INFORMATION SUPPLIED.
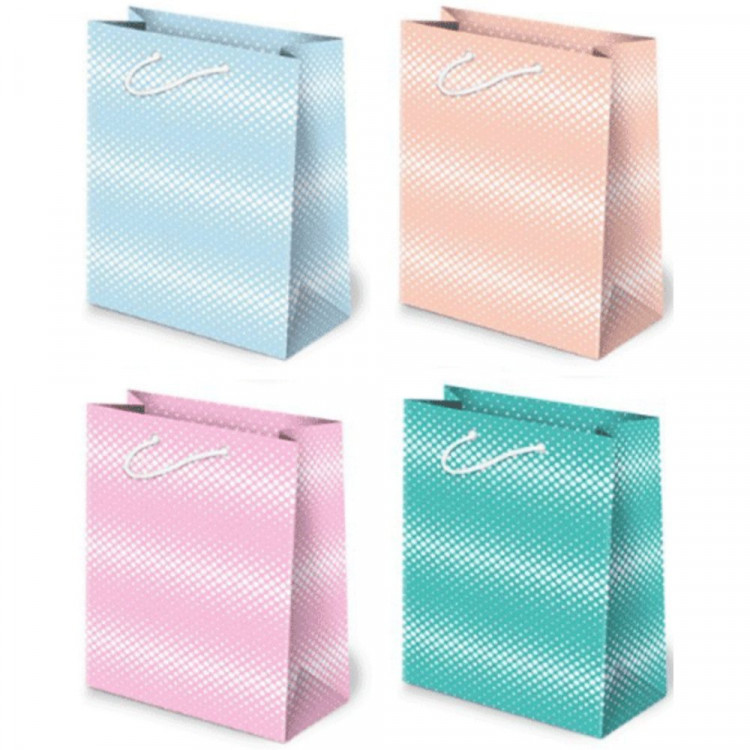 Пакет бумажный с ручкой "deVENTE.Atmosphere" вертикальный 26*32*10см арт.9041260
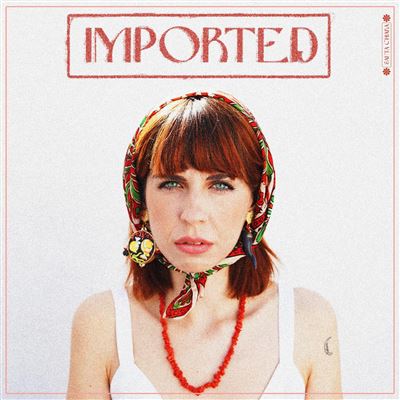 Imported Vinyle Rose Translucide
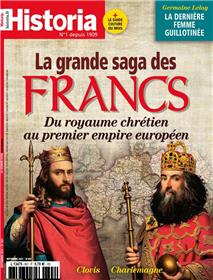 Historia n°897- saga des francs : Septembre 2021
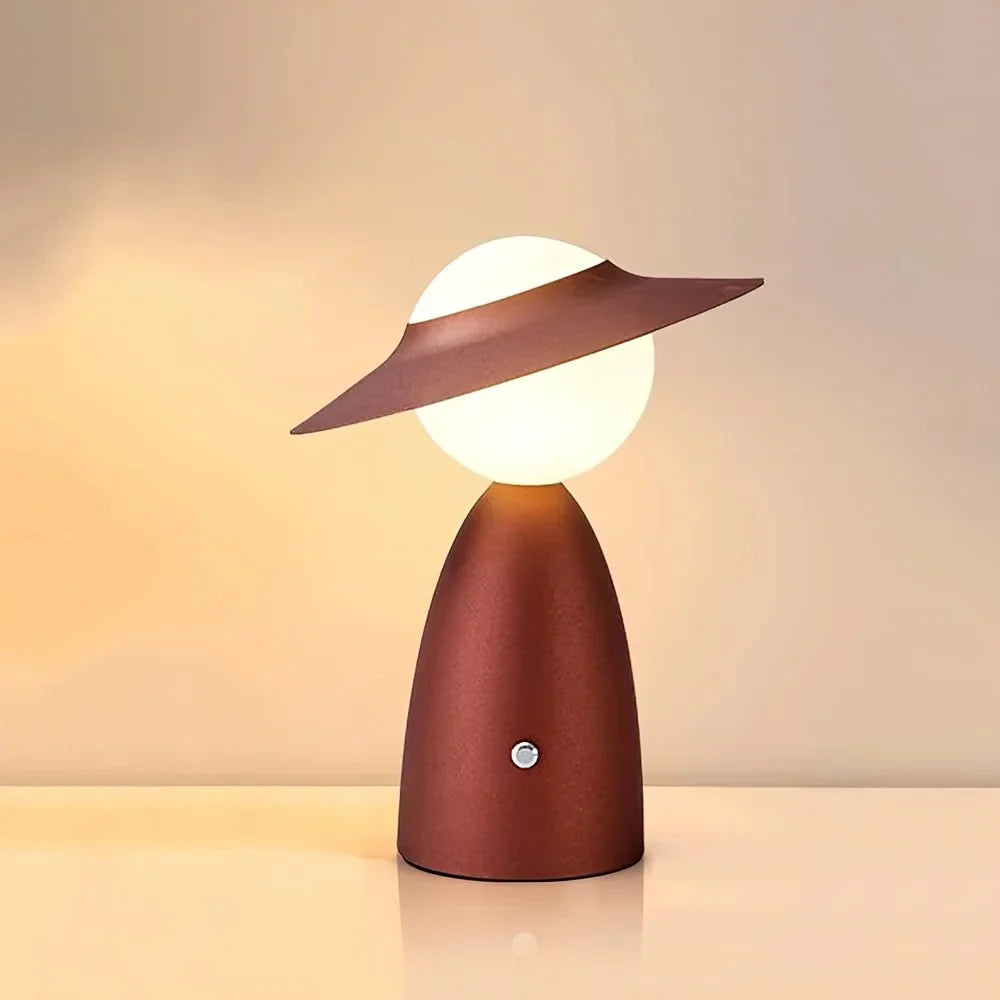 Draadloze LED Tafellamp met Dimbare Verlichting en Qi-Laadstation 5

TASK OBJECTIVE.
Every line above should be duplicated exactly; the pictures are to be left out.

WRITTEN RESPONSE.
 Пакет бумажный с ручкой "deVENTE.Atmosphere" вертикальный 26*32*10см арт.9041260
 Imported Vinyle Rose Translucide
 Historia n°897- saga des francs : Septembre 2021
 Draadloze LED Tafellamp met Dimbare Verlichting en Qi-Laadstation 5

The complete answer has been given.